# [Dataset content]
- - - - - - -

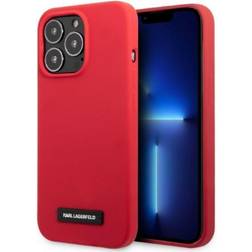Karl Lagerfeld iPhone 13 Pro Hardcase Rød Silikoneplade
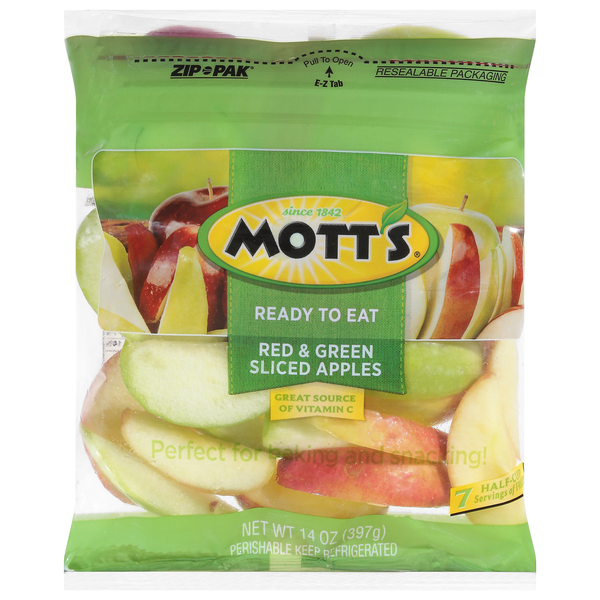 Mott's Ready to Eat Red & Green Sliced Apples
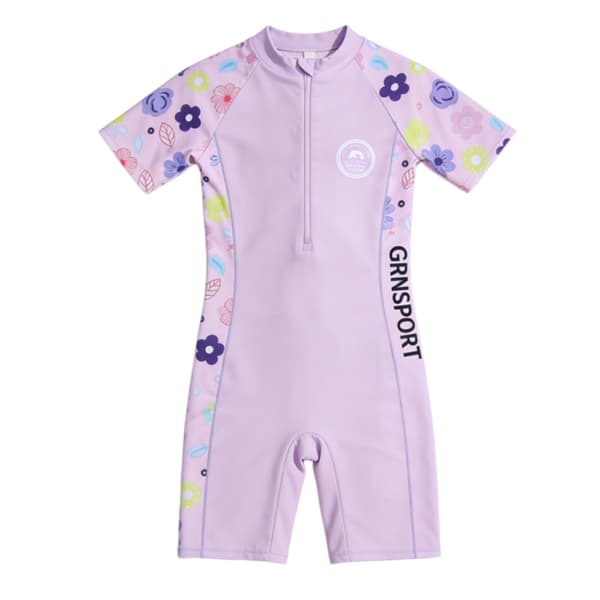 Børnebadedragt, drenges sommer nye solbeskyttelse i ét stykke 2674 Pink Patchwork M(110)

- - - - - - -

# [Exercise prompt]
Drop the pictures, then write out only the lines running from the one containing "Mott's Ready to" through the last line above, both included, exactly.

# [Answer space]
 Mott's Ready to Eat Red & Green Sliced Apples
 Børnebadedragt, drenges sommer nye solbeskyttelse i ét stykke 2674 Pink Patchwork M(110)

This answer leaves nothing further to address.